イールは分身し、凄まじい速さで連続攻撃をする。
「女の子みたいに軽い攻撃を沢山したって男にはならないぞ?」
ニヤニヤと笑いながら軽やかに避ける。
「キー!男だって言ってるだろうが!」
二人が戦っている後ろで悠と憐斗は震えながら奈々の応急処置をしている。
「奈々...病院...いかないと...」
腹部を布で抑え血を抑えるが一向に止まる気配がなく青い顔をしている。
「病院つったって人がいるかどうか...!」
「行く価値はあるだろ!見殺しにする理由なんかねえ!」
悠は奈々をおぶり、走り出す。憐斗は悠の分の荷物も持ち追いかける。
「あ、逃げたってうぉあ!?」
イールがよそ見をした瞬間にブォンと風を切る音を出しながら男は剣を振り回す。
「よそ見をして死んだって知らないぞ?まぁ俺的にはそっちの方がいいんだがな」
「ぎぎ...絶対殺す!女の子って二度と言えないようにしてやる!」
[光ランサーイール
VS
闇セイバーロウ]
- Re: リーダー ( No.2 )
- 日時: 2017/02/19 00:03
- 名前: そーれんか (ID: qESkNdgF)
病院の中に入る。
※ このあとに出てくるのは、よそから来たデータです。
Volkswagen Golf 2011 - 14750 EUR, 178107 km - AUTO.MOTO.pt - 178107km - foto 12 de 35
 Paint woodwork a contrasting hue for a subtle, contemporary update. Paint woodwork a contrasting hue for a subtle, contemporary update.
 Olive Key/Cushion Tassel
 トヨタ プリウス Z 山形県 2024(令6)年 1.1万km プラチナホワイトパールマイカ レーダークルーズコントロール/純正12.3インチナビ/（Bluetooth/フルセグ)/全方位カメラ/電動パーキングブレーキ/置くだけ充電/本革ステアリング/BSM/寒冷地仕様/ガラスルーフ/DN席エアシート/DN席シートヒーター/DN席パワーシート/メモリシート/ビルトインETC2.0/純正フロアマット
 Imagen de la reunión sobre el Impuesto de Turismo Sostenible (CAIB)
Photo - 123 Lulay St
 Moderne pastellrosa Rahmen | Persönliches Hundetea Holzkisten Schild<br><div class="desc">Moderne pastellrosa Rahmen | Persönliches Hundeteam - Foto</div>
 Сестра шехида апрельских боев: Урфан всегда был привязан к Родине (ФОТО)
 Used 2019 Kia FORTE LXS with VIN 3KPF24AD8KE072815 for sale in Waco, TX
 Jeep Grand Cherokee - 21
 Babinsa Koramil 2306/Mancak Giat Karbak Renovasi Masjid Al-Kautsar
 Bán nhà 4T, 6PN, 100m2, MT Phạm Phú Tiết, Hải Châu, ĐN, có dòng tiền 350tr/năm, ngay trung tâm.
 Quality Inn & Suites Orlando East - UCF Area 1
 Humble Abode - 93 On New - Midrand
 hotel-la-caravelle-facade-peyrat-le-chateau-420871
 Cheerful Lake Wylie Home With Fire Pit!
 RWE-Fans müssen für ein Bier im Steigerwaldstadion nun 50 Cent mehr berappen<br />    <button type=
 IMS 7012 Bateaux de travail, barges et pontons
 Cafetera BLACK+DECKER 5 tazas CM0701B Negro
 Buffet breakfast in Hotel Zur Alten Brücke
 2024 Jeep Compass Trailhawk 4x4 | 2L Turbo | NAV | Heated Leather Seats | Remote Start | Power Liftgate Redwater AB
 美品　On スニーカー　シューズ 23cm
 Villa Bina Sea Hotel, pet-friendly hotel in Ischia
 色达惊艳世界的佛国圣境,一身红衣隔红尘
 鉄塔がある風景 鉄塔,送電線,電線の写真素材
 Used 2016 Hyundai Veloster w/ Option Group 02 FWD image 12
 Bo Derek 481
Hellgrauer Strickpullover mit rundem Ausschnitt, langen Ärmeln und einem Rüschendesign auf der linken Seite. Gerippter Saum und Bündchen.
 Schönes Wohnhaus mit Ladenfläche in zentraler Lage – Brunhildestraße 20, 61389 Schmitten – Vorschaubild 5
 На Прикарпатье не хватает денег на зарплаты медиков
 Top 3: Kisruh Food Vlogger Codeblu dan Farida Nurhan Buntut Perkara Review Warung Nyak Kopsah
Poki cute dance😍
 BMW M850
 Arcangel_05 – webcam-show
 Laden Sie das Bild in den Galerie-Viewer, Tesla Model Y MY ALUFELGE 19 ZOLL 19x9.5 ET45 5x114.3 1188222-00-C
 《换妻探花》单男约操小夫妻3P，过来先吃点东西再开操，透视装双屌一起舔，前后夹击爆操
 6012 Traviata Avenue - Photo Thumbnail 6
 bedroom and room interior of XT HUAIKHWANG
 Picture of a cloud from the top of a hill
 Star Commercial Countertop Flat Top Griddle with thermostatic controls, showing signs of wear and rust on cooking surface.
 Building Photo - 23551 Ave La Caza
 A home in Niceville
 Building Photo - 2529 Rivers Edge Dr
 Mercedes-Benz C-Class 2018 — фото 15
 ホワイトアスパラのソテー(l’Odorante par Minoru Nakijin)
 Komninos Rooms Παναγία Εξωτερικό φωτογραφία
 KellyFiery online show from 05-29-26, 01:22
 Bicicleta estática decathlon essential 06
医者などはちゃんといたものの他の患者の手当などでとても奈々を見てくれそうにはなかった。
「ど、どうする!?これじゃどうしようもないじゃないか!」
憐斗は焦った顔で悠に話しかける。
「どうするもなにも...ここで治療してもらうしかないだろ!別の病院じゃ間に合わない...」
「だったらどうやって!?」
「...俺の異能を使うしかないだろ...出し方とかそんなのすら全くわからないけど...でも...でも!奈々を死なせたりはするもんか、絶対!」
悠はスマホを取り出しアプリを開く。
「異能...頼む...お願いだから...発動してくれッ...!異能・ダークアロー!」
"初めて使われる異能です。これより異能・ダークアローのコードを新たに作成します.....完了しました。それではどうぞ、闇アーチャーユウ様。"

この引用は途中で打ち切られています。